Ecco un passo folgorante dello Zibaldone (22 agosto 1823):
«Chiunque esamina la natura delle cose colla pura ragione, senz’aiutarsi dell’immaginazione né del sentimento, … potrà ben quello, che suona il vocabolo analizzare, risolvere e disfare la natura, ma e’ non potrà mai ricomporla, … tirare una grande e generale conseguenza; né stringere e condurre le dette osservazioni in un gran risultato… Io voglio anche supporre ch’egli arrivino colla loro analisi fino a scomporre e risolvere la natura ne’ suoi menomi ed ultimi elementi, e ch’egli ottengano di conoscere ciascuna da sé tutte le parti della natura. Ma il tutto di essa, il fine e il rapporto scambievole di esse parti tra loro e di ciascuna verso il tutto, e l’intenzion vera e profonda della natura, quel ch’ella ha destinato, … la cagion finale del suo essere e del suo esser tale, il perché ella abbia così disposto e così formato le sue parti… è impossibile il ritrovarle e l’intenderle a chiunque colla sola ragione analizza ed esamina la natura. La natura così analizzata non differisce punto da un corpo morto… Scoprire e intendere qual sia la natura viva, quale il modo, quali le cagioni e gli effetti, le intenzioni, i destini della vita della natura e delle cose, quale la vera destinazione del loro essere, quale insomma lo spirito della natura, colla semplice conoscenza… del suo corpo, e colla analisi esatta, minuziosa, materiale delle sue parti anche morali non si può… con questi soli mezzi scoprire né intendere… Nulla di poetico si scorge nelle sue parti, separandole l’una dall’altra, ed esaminandole a una a una col semplice lume della ragione esatta e geometrica… Perocché tutto ciò ch’è poetico si sente piuttosto che si conosca e s’intenda o … sentendolo si conosce e s’intende … Ma la pura ragione e la matematica non hanno sensorio alcuno. Spetta all’immaginazione e alla sensibilità lo scoprire e l’intendere tutte le sopraddette cose; ed elle il possono…, perocché noi… siamo pur parte di questa natura…; e queste facoltà nostre sono le sole in armonia col poetico ch’è nella natura… Essi soli possono meno imperfettamente contemplare… il tutto della natura… Finalmente la sola immaginazione ed il cuore, e le passioni stesse; o la ragione non altrimenti che colla loro efficace intervenzione, hanno scoperto e insegnato e confermato le più grandi, più generali, più sublimi, profonde, fondamentali verità filosofiche che si posseggano, e rivelato o dichiarato i più grandi, alti, intimi misteri che si conoscano».

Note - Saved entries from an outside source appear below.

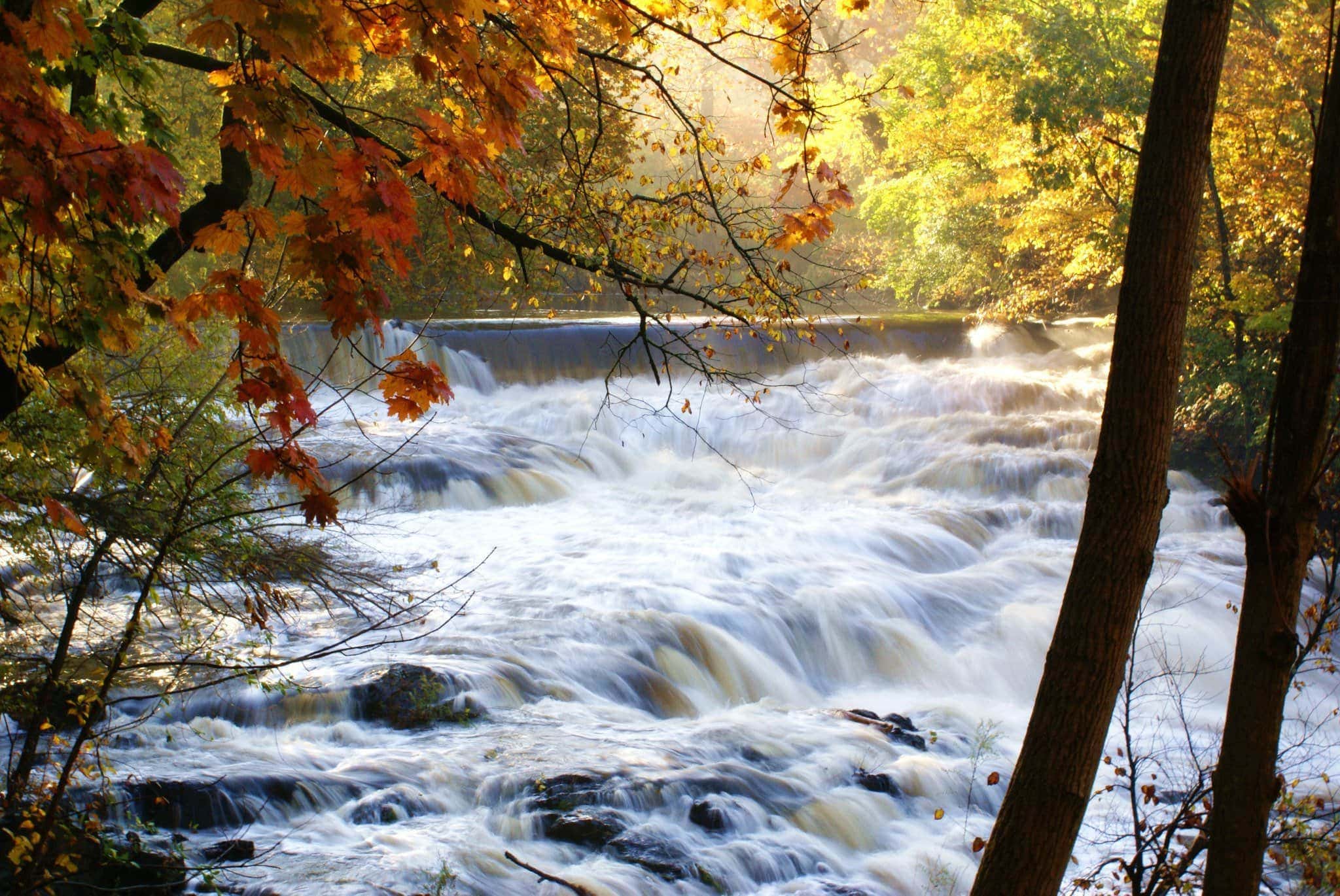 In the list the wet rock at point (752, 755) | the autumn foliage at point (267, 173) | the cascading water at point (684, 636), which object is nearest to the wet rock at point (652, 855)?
the cascading water at point (684, 636)

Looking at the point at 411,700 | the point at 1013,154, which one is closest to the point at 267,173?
the point at 411,700

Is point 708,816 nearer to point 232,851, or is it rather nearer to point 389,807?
point 389,807

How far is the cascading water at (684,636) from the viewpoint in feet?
19.4

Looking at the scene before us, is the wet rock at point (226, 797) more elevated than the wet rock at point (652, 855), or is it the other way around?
the wet rock at point (226, 797)

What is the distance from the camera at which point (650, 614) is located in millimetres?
9531

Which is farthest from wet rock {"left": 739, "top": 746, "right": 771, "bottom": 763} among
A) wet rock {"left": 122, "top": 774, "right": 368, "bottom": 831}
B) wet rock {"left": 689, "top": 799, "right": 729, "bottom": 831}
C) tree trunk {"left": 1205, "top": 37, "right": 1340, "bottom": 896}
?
tree trunk {"left": 1205, "top": 37, "right": 1340, "bottom": 896}

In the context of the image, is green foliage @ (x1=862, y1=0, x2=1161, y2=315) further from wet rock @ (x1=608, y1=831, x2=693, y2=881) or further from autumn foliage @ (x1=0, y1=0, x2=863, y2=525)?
wet rock @ (x1=608, y1=831, x2=693, y2=881)

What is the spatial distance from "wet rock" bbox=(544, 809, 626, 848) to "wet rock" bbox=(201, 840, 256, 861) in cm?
Answer: 157

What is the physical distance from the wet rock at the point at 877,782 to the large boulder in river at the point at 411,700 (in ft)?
8.83

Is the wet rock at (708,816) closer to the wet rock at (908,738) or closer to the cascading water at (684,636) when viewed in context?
the cascading water at (684,636)

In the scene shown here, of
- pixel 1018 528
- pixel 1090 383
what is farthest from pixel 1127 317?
pixel 1090 383

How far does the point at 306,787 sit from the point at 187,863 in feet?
3.46

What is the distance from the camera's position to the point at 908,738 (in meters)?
7.89

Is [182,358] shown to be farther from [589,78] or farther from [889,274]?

La ragione “pura”, cioè quella non sostenuta dall’intervento dell’immaginazione, del sentimento e della passione…, non sa percepire il tutto perché non ha sensorio e invece tende a dividere, per cui il continuo si perde. La ragione arriva a conoscere, tramite l’analisi, le parti scisse dal tutto, mentre il sentire arriva a cogliere proprio il tutto, anche se imperfettamente, tramite il poetico e l’arte. Insomma, senza una rinascita del continuo, dello spirito del tutto – naturale e umano - il Pianeta non potrà salvarsi. Ma se preservando la capacità dell’analisi torneremo anche a sentire, amare e concepire il tutto – abbracciandolo ma rispettandolo come sistema – allora il Globo si salverà, magari proprio con la stessa arma – la tecnologia – con la quale finora lo abbiamo gravemente danneggiato. Si tratta quindi finalmente di unire in tutta la Terra e in questo secolo tutte le capacità di dividere, proprie dell’Occidente (a partire dall’antichità e dalla tradizione giudaico-cristiana), a tutte le capacità di unire, proprie dell’Oriente (a partire dai Veda), mettendo a frutto quattro millenni del cammino dell’umanità.